Environments (Streaming)#

An environment defines the execution context for running flows. It specifies the engine to be used, the libraries to be installed, and additional runtime parameters such as the number of CPU cores, memory allocation, and the maximum number of concurrent flow runs.

When configuring an environment, a command is generated that can be used to launch the environment. This command typically runs a Docker container with the selected engine version, all required libraries, and the specified parameters.

Creating an Environment#

In the UI, you can create a new Environment by navigating to Manage -> StreamSets -> New environment.

Screenshot of the Environment creation form in the UI

You will be prompted to provide a Name and select a Data Collector engine version, and other additional configuration options.

Screenshot of the Environment configuration form in the UI

In the SDK, you can create an environment from a Project object using the Project.create_environment() method. At a minimum, you must provide the name parameter. All other parameters are optional and will be populated with default values if not specified. This method returns a Environment object.

>>> env = project.create_environment(
...     name='Sample',
...     # Optional parameters - see API Reference for more optional parameters
...     engine_version=engine_version,
...     description='Basic env.',
...     stage_libs=[
...         'streamsets-datacollector-basic-lib',
...         'streamsets-datacollector-dataformats-lib',
...         'streamsets-datacollector-dev-lib'
...     ],
...     cpus_to_allocate=2,
... )
>>> env
Environment(name='Sample', description='Basic env.', ...)

Note

For information on available Engine versions, see Engines Versions.
For details on supported libraries, see Engine Details.

Retrieving an Existing Environment#

Environments can be retrieved through a Project object. You can access all environments associated with a project using the Project.environments property. You can also retrieve single environment using the Project.environments.get() method, which requires the environment_id parameter.

>>> # Get all environments associated with the project
>>> project.environments
[...Environment(name='Sample', description='Basic env.', ...)...]

>>> # Get a single environment by its id
>>> project.environments.get(environment_id=env.environment_id)
Environment(name='Sample', description='Basic env.', ...)

Modifying an Environment#

In the UI, you can update or delete an existing Environment by navigating to the Manage -> StreamSets.

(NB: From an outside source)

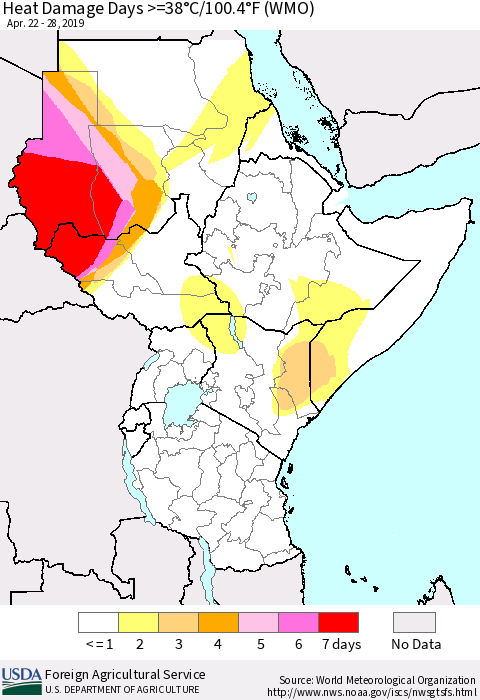 Eastern Africa Heat Damage Days >=38°C/100°F (WMO) Thematic Map For 4/22/2019 - 4/28/2019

Screenshot of the Environment update form in the UI

Updating an Environment#

Similar to environment creation, environment can also be updated using the Project object. First, modify properties of the environment instance, then update it using the Project.update_environment() method.

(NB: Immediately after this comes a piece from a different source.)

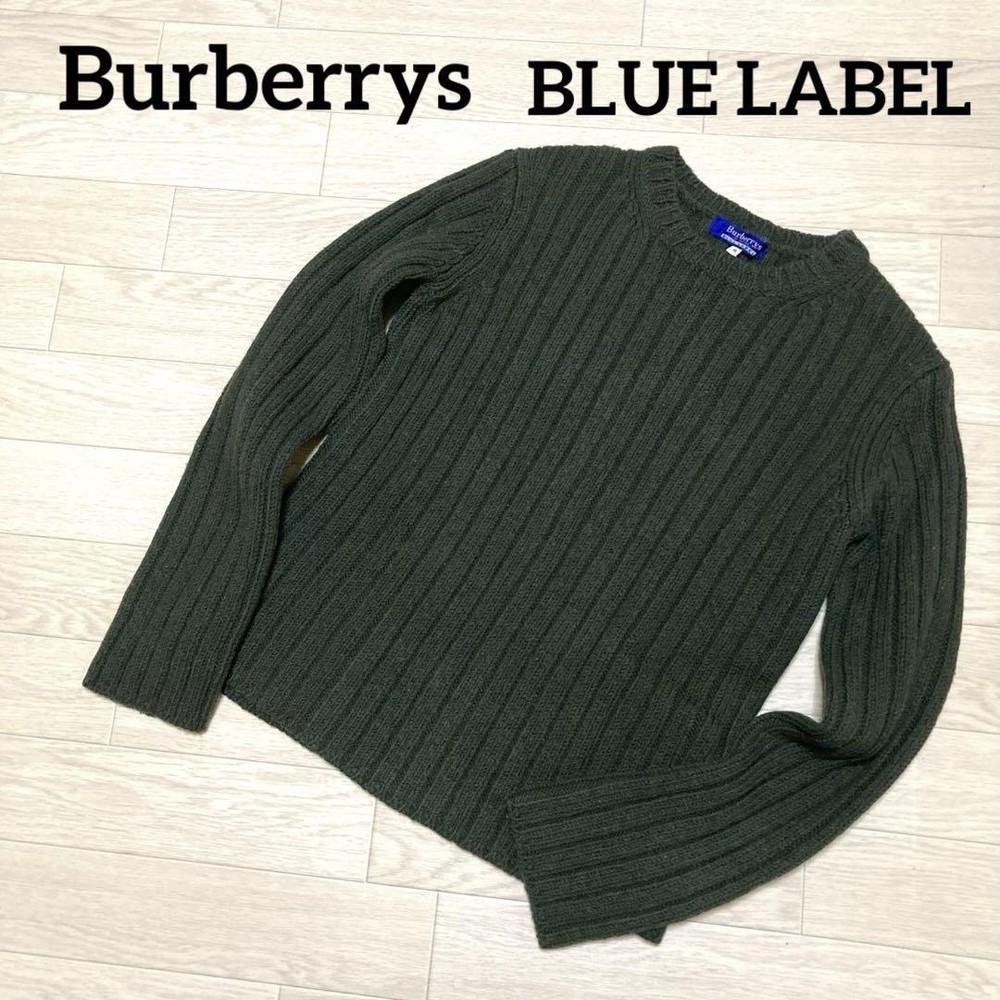 Burberry Blue Label Khaki Knit Sweater M Used Wool/Acrylic Blend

>>> # Modify environment settings
>>> env.max_memory_used = 80
>>> env.stage_libs.append('streamsets-datacollector-aws-lib')

>>> # Update the environment on the platform
>>> project.update_environment(env)
<Response [200]>
>>> env = project.environments.get(environment_id=env.environment_id)
>>> env.stage_libs
['streamsets-datacollector-basic-lib', 'streamsets-datacollector-dataformats-lib', 'streamsets-datacollector-dev-lib', 'streamsets-datacollector-aws-lib']

Retrieving the Engine Installation Command#

To start and run the Engine defined by an Environment, you’ll need to retrieve the installation command for that Environment and execute it from the machine where you want the Engine to run.

In the UI, you can retrieve the run command by navigating to the Manage -> StreamSets.

Screenshot of the Environment update form in the UI

You can retrieve the run command via the Environment object by using Environment.get_installation_command() method.

>>> env.get_installation_command(
...     # Optional parameters
...     pretty=False,
...     foreground=True
... )
'docker run -d --restart on-failure --cpus=4.0 --hostname "$(hostname)" -p 18630:18630 ...'

Note

Please be aware that the installation command you retrieve from the Environment requires the SSET_API_KEY environment variable to be set for the user executing the command. The environment variable should contain the API key you generated for authenticating with the watsonx.data integration platform.

Deleting an Environments#

To remove a single environment, use the Project.delete_environment() method. The delete method returns an API response, which you can insepct to verify the status code.

>>> project.delete_environment(env)
<Response [200]>

To remove multiple environments at once, use the Project.delete_environments() method. This method accepts any number of Environment instances and returns a single HTTP response.

>>> env1 = project.create_environment(name='Sample1')
>>> env2 = project.create_environment(name='Sample2')
>>> project.delete_environments(env1, env2)
<Response [200]>

Retrieving Available Engine Versions#

To view the list of available Engine versions, use the Platform.available_engine_versions property. This returns a StreamingEngineVersions object that can be used to list StreamingEngineVersion which can be used when configuring an Environment.

>>> platform.available_engine_versions
[...StreamingEngineVersion(engine_version_id='JDK17_6.3.0', engine_type='data_collector', ...)...]

Retrieving Engine Version Details#

In the UI, you can view the list of libraries supported by a specific Engine version during Environment configuration:

Screenshot showing supported libraries for an Engine version in the UI

In the SDK, to retrieve the list of libraries supported by a given Engine version, use the Platform.available_engine_versions property to list all available engine versions. From here, you get a collection of StreamingEngineVersion objects which you can inspect further.

>>> platform.available_engine_versions
[...StreamingEngineVersion(engine_version_id='JDK17_6.4.0', engine_type='data_collector', ...)...]

>>> # To see all stage library IDs that can be used in environment.stage_libs
>>> streaming_engine_version = platform.available_engine_versions[0]
>>> streaming_engine_version.stage_libs
[...StreamingEngineStageLib(stage_lib_id='streamsets-datacollector-aws-lib', label='Amazon Web Services')...]